# The task
Go over the data and work out how many lines include the word "Short". Give that number only.

.....

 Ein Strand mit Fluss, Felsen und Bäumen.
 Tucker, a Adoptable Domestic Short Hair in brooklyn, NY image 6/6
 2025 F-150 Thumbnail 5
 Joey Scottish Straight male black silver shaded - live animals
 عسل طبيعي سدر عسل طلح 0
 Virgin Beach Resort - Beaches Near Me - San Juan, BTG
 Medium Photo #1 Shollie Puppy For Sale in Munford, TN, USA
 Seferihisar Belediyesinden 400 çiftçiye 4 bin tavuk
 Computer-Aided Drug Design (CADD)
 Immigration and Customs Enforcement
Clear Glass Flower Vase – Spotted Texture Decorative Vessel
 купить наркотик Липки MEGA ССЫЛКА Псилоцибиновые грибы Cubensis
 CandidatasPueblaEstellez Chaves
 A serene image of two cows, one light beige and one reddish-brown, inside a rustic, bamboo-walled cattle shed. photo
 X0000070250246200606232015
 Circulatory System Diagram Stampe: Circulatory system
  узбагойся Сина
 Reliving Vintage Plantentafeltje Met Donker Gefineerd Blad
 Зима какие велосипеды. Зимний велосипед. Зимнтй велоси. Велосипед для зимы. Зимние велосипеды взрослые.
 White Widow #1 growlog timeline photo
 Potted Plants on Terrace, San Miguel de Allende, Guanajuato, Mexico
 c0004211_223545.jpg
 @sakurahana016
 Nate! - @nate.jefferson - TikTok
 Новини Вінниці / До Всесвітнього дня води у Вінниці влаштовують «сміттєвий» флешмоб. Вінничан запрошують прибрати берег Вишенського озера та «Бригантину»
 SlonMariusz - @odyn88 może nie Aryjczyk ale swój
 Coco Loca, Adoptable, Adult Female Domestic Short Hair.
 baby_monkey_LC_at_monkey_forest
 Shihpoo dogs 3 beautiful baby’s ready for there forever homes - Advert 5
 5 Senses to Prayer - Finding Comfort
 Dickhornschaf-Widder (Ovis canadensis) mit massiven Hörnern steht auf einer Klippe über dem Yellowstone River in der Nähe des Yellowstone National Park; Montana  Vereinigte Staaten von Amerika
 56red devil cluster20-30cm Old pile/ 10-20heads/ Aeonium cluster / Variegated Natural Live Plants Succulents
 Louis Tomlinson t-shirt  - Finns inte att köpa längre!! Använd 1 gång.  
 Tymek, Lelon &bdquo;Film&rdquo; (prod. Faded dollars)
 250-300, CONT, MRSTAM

.....

# Solved problem
2